Northern Ireland

Most voters think border poll in ten years would result in a united Ireland

A new poll among 3,301 adults in Northern Ireland showed most think a border poll in 2031 would result in a united Ireland.
A new poll among 3,301 adults in Northern Ireland showed most think a border poll in 2031 would result in a united Ireland. A new poll among 3,301 adults in Northern Ireland showed most think a border poll in 2031 would result in a united Ireland.

MOST voters in the north think a border poll in ten years' time would result in a united Ireland.

A new study by Tory peer Lord Ashcroft, carried out online among 3,301 Northern Ireland adults, suggested 46 per cent of voters would vote for Irish unity tomorrow.

Just one-in-four expect Northern Ireland will still be part of the union in 50 years.

The online research, which also included eight focus groups held across the north last month, revealed 69 per cent of voters think a unity referendum should happen, while slightly more (85 per cent) accept that it will happen at some point.

It followed an Ipsos MRBI poll for the Irish Times at the weekend, which showed 62 per cent of voters in the Republic would support Irish unity.

A smaller study conducted by Lord Ashcroft two years ago found 51 per cent would vote for a united Ireland. In both cases, the pollster excluded those who answered ‘I don’t know’.

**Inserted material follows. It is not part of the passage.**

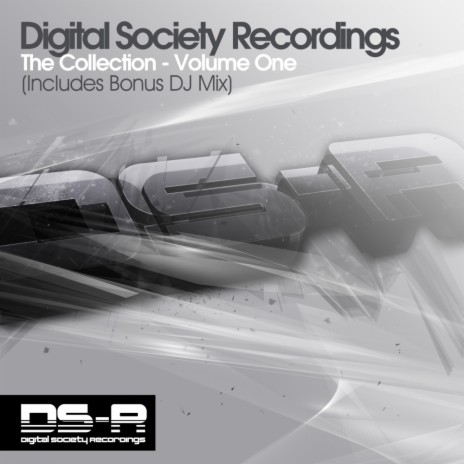 Flashback (Abstract Vision & Elite Electronic Remix) cover art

The latest poll found more than a quarter of voters (27 per cent) said they had changed their mind on whether the north should remain in the UK.

And it again exposed how nationalists and unionists remain starkly divided over the issue of Brexit and the Northern Ireland Protocol.

Despite two-thirds of all voters now believing Brexit has made Irish unification in the foreseeable future more likely, 66 per cent of unionists still think leaving the EU was the right call for Northern Ireland.

A slim majority (52 per cent) of all voters said the protocol is either fine as it is or is acceptable with some adjustment.

Among nationalist voters, there was near unanimity, with 99 per cent of Sinn Féin and 95 per cent of SDLP voters accepting the protocol as is, or with adjustment.

By contrast, 85 per cent of DUP voters said the protocol is wrong in principle and should be scrapped.

Just 34 per cent of UUP voters said the same, but another 36 per cent think the protocol needs serious reform. Just under a third of UUP voters (30 per cent) think the protocol is acceptable with some adjustment.

Alliance voters are also on board with the new Irish Sea border arrangements, but 66 per cent want some tinkering done.

A clear majority (78 per cent) of unionist voters said the protocol is the major factor when it comes to product shortages or delivery issues, whereas nationalists and those neutral on the constitutional question, were more likely to say Brexit is the major problem.

Meanwhile, the polling yielded some more concerns for DUP leader Jeffrey Donaldson.

Of the voters who backed the DUP in the 2017 Assembly elections, just 63.4 per cent said they would do the same in 2022, the weakest of the five main parties.

Of Sinn Féin’s voters in 2017, 91.3 per cent said they’ll vote the same way next year.